What I observed with RuPaul’s Drag Race UK was a fantastic campaign that had near-blanket coverage across broadcast, print and online media. However, even though the UK scene is very supportive of the girls who are appearing on the show, there was a general feeling that the coverage about Drag Race UK was not providing an accurate representation of what the UK drag scene is.
A clear example of this is the lack of ‘performer diversity’ as the cast is nearly all cis male* drag queens. The UK scene is full of amazing drag kings, female-bodied drag queens and non-binary performers. However these performers aren’t represented or alluded to in the articles or comms about Drag Race UK that I have seen, apart from an op-ed in The Independent, that was not a part of the Drag Race UK PR, by drag performer Chiyo Gomes titled, “I’m a trans Afro-Latinx drag performer – but you won’t see people like me on RuPaul’s show”.

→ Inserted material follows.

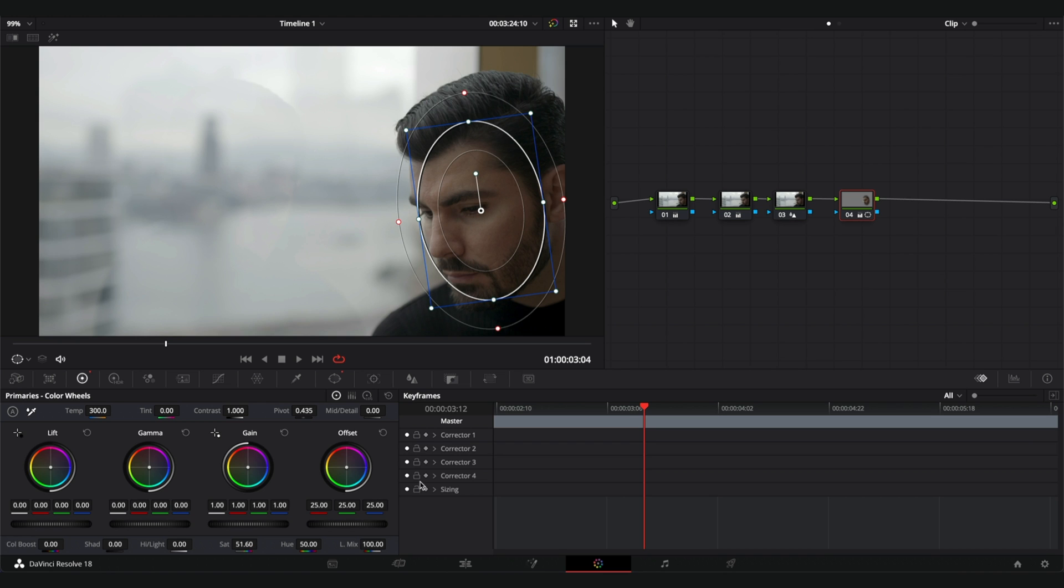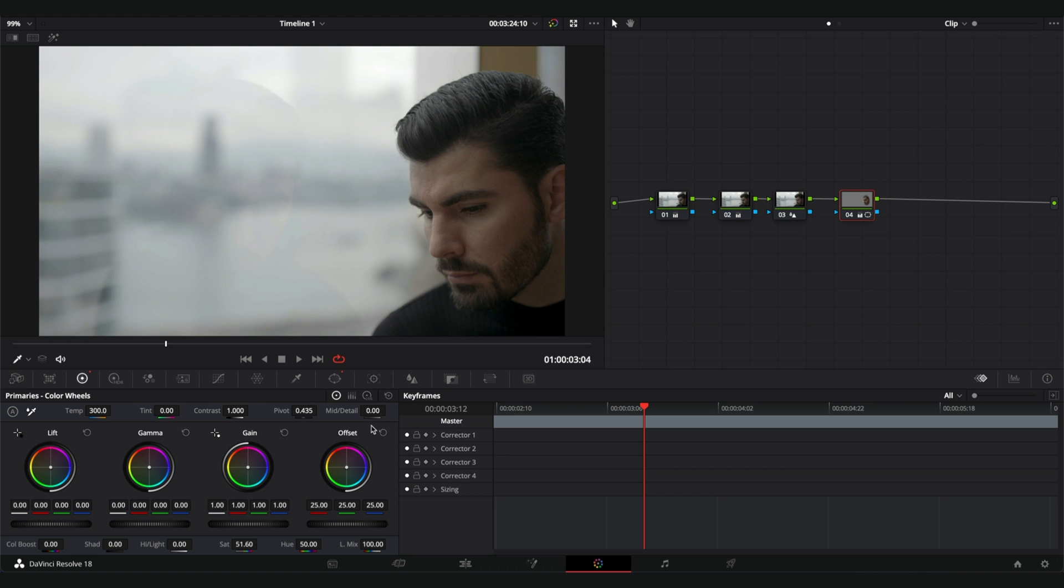And the second and most important thing is playing with the mid-tone detail. The mid-tone detail only affects the mid-tones and skin tones are usually in the mid-tones. If we increase it, we're going to see more details in the mid-tones. As you can see, we can see all the imperfections in the face. But if we go the opposite way and go negative, we're going to get a softer skin.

The knock-on effect of this could be very damaging to the finances of the performers, and the types of performers, who aren’t on the show. I have been used to seeing Cheryl Hole (who is a contestant on the show) and her drag family** in my local queer pub, Apples & Pears, for less than £10; a meet and greet with her and the other UK queens from the show, as part of the official tour is £135. As a member of Cheryl’s drag family, Herr the Queen, tweeted on the night before Drag Race UK aired, “UK drags performing tonight, ENJOY IT! Everything is gonna start changing from tomorrow, isn’t that weird.”
The reaction to the cast reveal coverage on social media was compiled by LGBTQIA+ news website Pink News with Twitter user @elledrawsdrag saying:
“There are so many amazing femme/bio queens & drag kings in the UK it’s frustrating they’re not being utilised in drag race. Yeah, it’s the first season, but still, they’ve had eleven others across the seas & they’ve had that opportunity even if they’ve not taken it, and they deserve that opportunity! Especially as the UK is filled with such a diverse group of drag performers, it seems foolish to miss out on exposing them to the world. It would open many doors to queer kids everywhere to see ALL kinds of drag on TV, and as it’s been noted all drag is f*cking valid! These performers deserve the notice, and it’s a shame Rupaul doesn’t seem to want to accept them into his family. On another note, the cast looks brill, it’s just a shame there’s not more diversity!”
Twitter user @lucyeccles93 commented:
“While I LOVE drag race and I’m so excited for the UK season, remember that drag goes beyond what you see on the show. Support your local drag kings and bio queens – all drag is valid and beautiful!”
Twitter user @lauxx_n said:
“Will drag queens who identify as female out of drag be booked? Nobody’s thinking of these things. I still stand by what I said last year, drag race uk isn’t what our scene needed. It’s great that queens who deserve the exposure are getting it but it’s caused a lot of problems”
When handling an announcement that is about a subculture or minority it is important that you understand, not just the commercial product (in this case Drag Race UK), but the impact of that product on the community it came from. At Riot we champion diversity which goes further than race and gender. Cultural diversity is important. If I had been working on the announcement of Drag Race UK I would have wanted to implement a clear strategy to maximise coverage and positive sentiment through both celebrating the product (as has been done) and promoting the wonderful, inclusive and diverse subculture of UK drag.
* At the time of writing Davina De Campo is the only contestant to be out as non-binary, this may change.
** ‘Drag family’ – comes from the ball culture and is made of an experienced drag performer and their mentees. They form an extremely supportive and special bond, guiding each other though the scene.